CGCL-codes/naturalcc

Is the Implementations part model reimplemented by yourselves

skye95git opened this issue · 4 comments

Thanks for your great work! I have a few questions:

  1. Is the Implementations part model reimplemented by yourselves, or is it the official open source implementation collected?
  2. The Deepcs link failed.
  3. In the Code Retrieval (Search) department, is there a pre-training implementation for CodeBERT or GraphCodeBERT?
  4. Does the preprocessing part of the dataset contain data flow graph and control flow graph corresponding to the code?

Hi sky95kit,
Thanks for you interest to our work. I will ask our team members to answer your questions. For the CFG and DFG part, we currently recommend you to our team members's tool SVF (https://github.com/SVF-tools/SVF).

Answers:

  1. Some of the models are open-source but are implemented in different platforms (such as Torch7 or TF). We translated them into NaturalCC, or re-implemented by papers or GitHub repos.
  2. We will check it out.
  3. The authors of CodeBERT and GraphCodeBERT do not release their pretraining script, and we do not have sufficient resources to re-implement them. We (MSRA) don't plan to release the pre-training code in the near future. :(
  4. Not yet. You can refer to Data-flow and control-flow graphs for Java.

Thanks for your great work! I have a few questions:

  1. Is the Implementations part model reimplemented by yourselves, or is it the official open source implementation collected?
  2. The Deepcs link failed.
  3. In the Code Retrieval (Search) department, is there a pre-training implementation for CodeBERT or GraphCodeBERT?
  4. Does the preprocessing part of the dataset contain data flow graph and control flow graph corresponding to the code?

Hi @skye95git
I noticed that you also have questions in the deepcs repo's issues Evaluation Benchmark on the trained model #16.
Have you tried to re-train DeepCS on the codesearchnet dataset? Maybe we can discuss it.

Thanks for your great work!

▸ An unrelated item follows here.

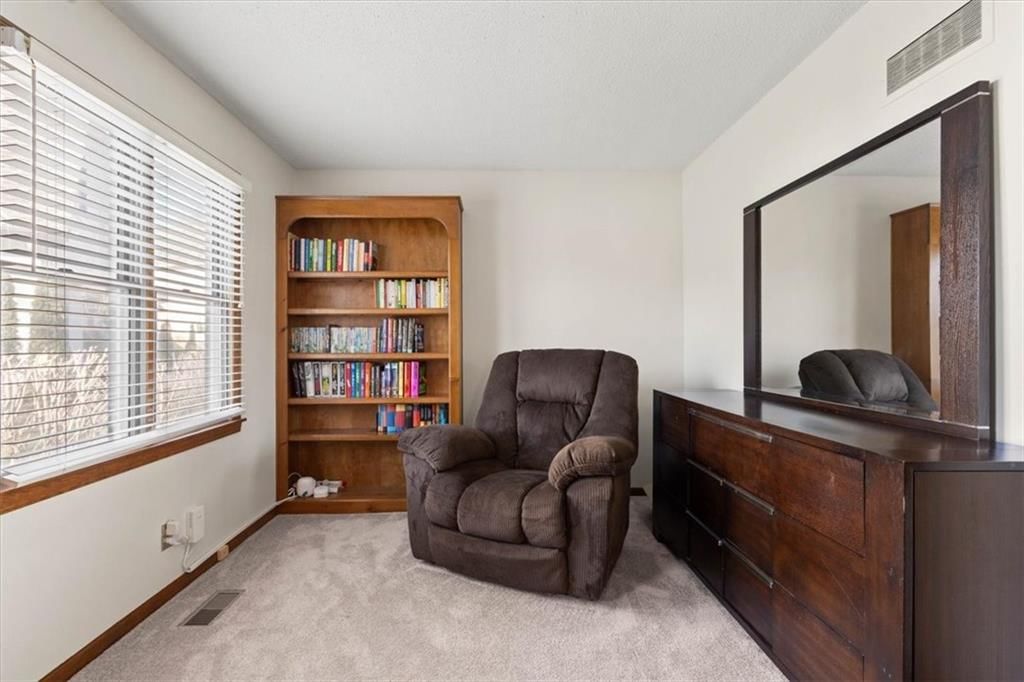 8113 W 99th Street — photo 18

I have a few questions:

  1. Is the Implementations part model reimplemented by yourselves, or is it the official open source implementation collected?
  2. The Deepcs link failed.
  3. In the Code Retrieval (Search) department, is there a pre-training implementation for CodeBERT or GraphCodeBERT?
  4. Does the preprocessing part of the dataset contain data flow graph and control flow graph corresponding to the code?

Hi @skye95git I noticed that you also have questions in the deepcs repo's issues Evaluation Benchmark on the trained model #16. Have you tried to re-train DeepCS on the codesearchnet dataset? Maybe we can discuss it.

Unfortunately, I only retrained the model on the data set mentioned in the paper.